Schwäbische Zeitung (Riedlingen)
Kettenbrief belästigt Unternehmen
Krebskranken Jungen gibt es nicht – Brief geistert seit vielen Jahren durch Deutschland
Angeblicher Brief eines Krebskranken erreicht nun auch die Region.
- An sich eine anrührende Geschichte: Ein kleiner krebskranker Junge wünscht sich, mit dem längsten Kettenbrief der Welt ins Guinessbuch der Rekorde zu kommen. Allerdings hat die Geschichte gleich mehrere Haken. Zum einen geistert der Kettenbrief schon seit mehr als 15 Jahren durch die Lande, den Jungen hat es nie gegeben und das Landesklinikum Tulln in Österreich wird an Spitzentagen mit bis zu 100 Kettenbriefen belästigt. Am Donnerstag landete der Brief auf dem Schreibtisch von Margot Ziegler bei der Firma Böhmer in Langenenslingen. Nach kurzer Recherche stellte sie fest, dass es sich bei der Geschichte um eine Fälschung handelt.
Gäbe es den kleinen krebskranken Jungen mit dem Kettenbrief wirklich, wäre er mittlerweile über 20 Jahre alt. Denn seit mehr als 15 Jahren wird in verschiedenen deutschen Zeitungen immer wieder vor der Geschichte gewarnt. Nun ist der Brief in der Region Riedlingen angekommen. Darin steht, dass es der Wunsch des Jungen sei, „mit dem längsten Kettenbrief in das Guinness-Buch der Rekorde eingetragen zu werden“. Weiter wird in dem Schreiben darum gebeten, dass die beigefügten Unterlagen an zehn weitere Unternehmen verschickt werden sollen. Der Brief endet mit dem Wunsch: „Bitte teilen sie anschließend dem Landesklinikum Donauregion Tulln mit, an welche Unternehmen sie die Unterlagen versandt haben.“
Irgendwie kam Margot Ziegler von der Firma Böhmer die Geschichte spanisch vor. Als sie im Internet danach suchte, wurde sie sehr schnell fündig, dass das Ganze Unsinn ist. Sie hat es richtig gemacht, den Brief nicht einfach weiterzuschicken. Wolfgang Jürgens, Pressesprecher der Polizeidirektion in Ulm, empfiehlt: „Solche Dinge sollten nicht ungeprüft weitergeleitet werden.“Wem solch ein Brief auf den Tisch flattert, sollte überlegen, was er für einen Nutzen haben könnte. „Wenn die ganze Welt dem Jungen einen Brief schickt, wird er davon nicht wieder gesund“, so Jürgens.
Bereits 2015 gab es in Tuttlingen eine Mitteilung der Polizei, die über den Kettenbrief informierte.

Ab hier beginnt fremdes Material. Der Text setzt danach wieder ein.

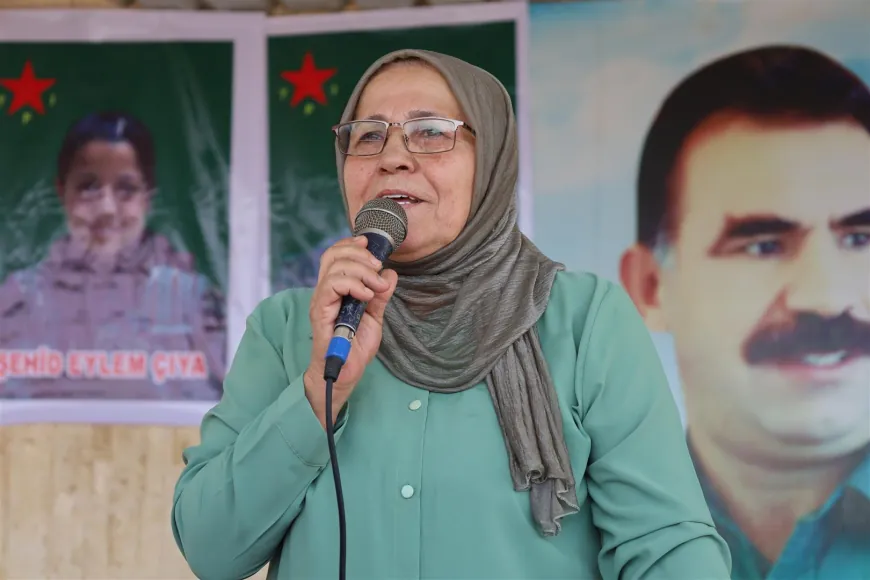 Celebran en Hasaka una ceremonia en memoria de tres combatientes de las YPJ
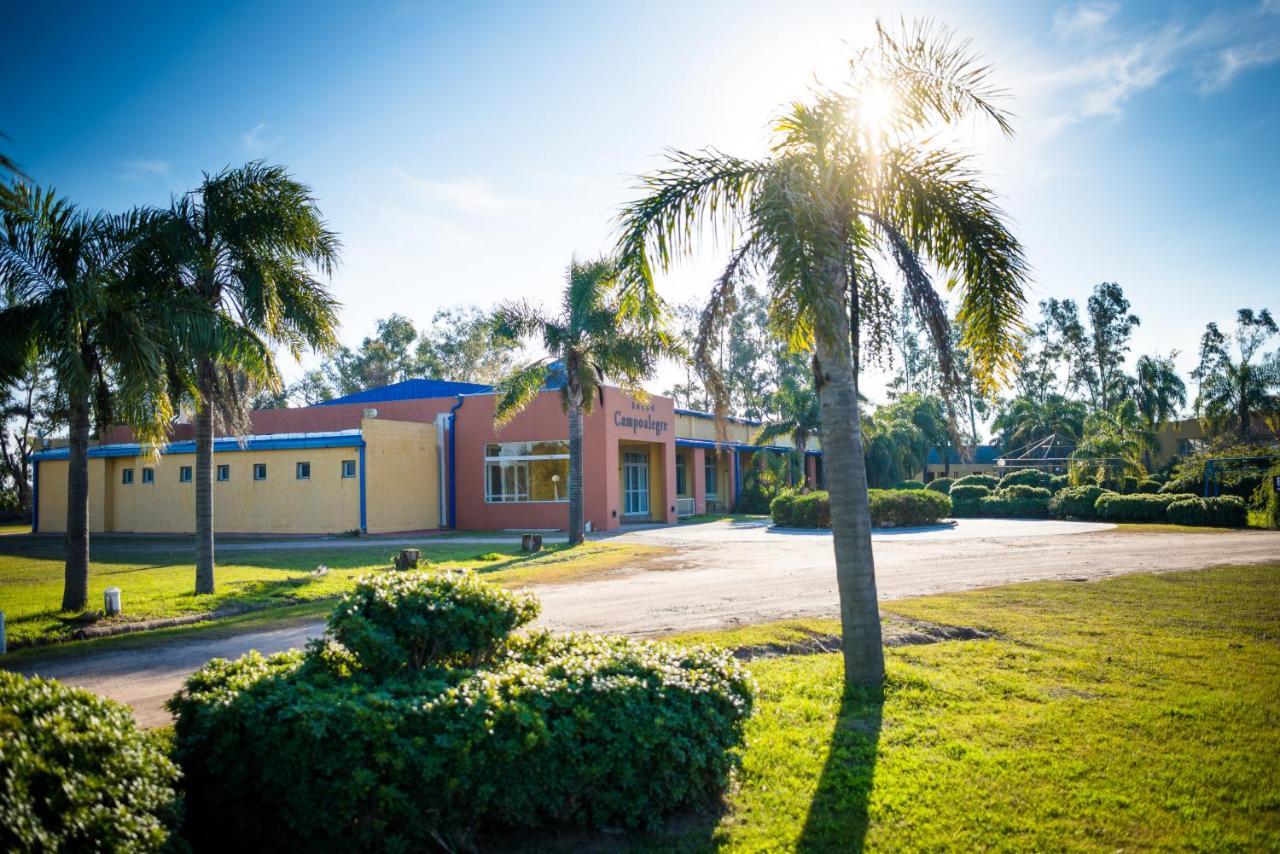 Vista Exterior Hotel Campo Alegre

Dort hatten ebenfalls Unternehmen, Behörden, Schulen, Rechtsanwälte oder Pfarrämter den Brief erhalten, mit der Bitte, den Wunsch des Jungen zu erfüllen. Dies sei in der Vergangenheit auch schon in anderen Bundesländern der Fall gewesen.
Zusammenhang nicht bekannt
Im Internet ist auf der Seite des österreichischen Universitätsklinikums Tulln ist der eindringliche Hinweis zu finden, den Kettenbrief nicht zu beantworten oder weiterzuleiten, da es dieses Kind nicht gibt. Zu Spitzenzeiten bekommt die Uniklinik bis zu 100 Briefe am Tag. Die hinter diesem Kettenbrief stehende Motivation und der Zusammenhang mit dem Landesklinikum Tulln in Österreich seien nicht bekannt. Der Fall ist bereits bei den Spam- und Betrugsexperten der TU Berlin aktenkundig.
Wer Gutes tun will, kann sich bei der Stiftung „Deutsches Zentralinstitut für soziale Fragen“über Möglichkeiten informieren, empfiehlt Jürgens von der Polizei. Unter www.dzi.de gibt es eine Spenderberatung. Das Institut ist eine anerkannte Prüfinstanz, die unabhängig und kompetent das Geschäftsgebaren von Hilfsorganisationen bewertet.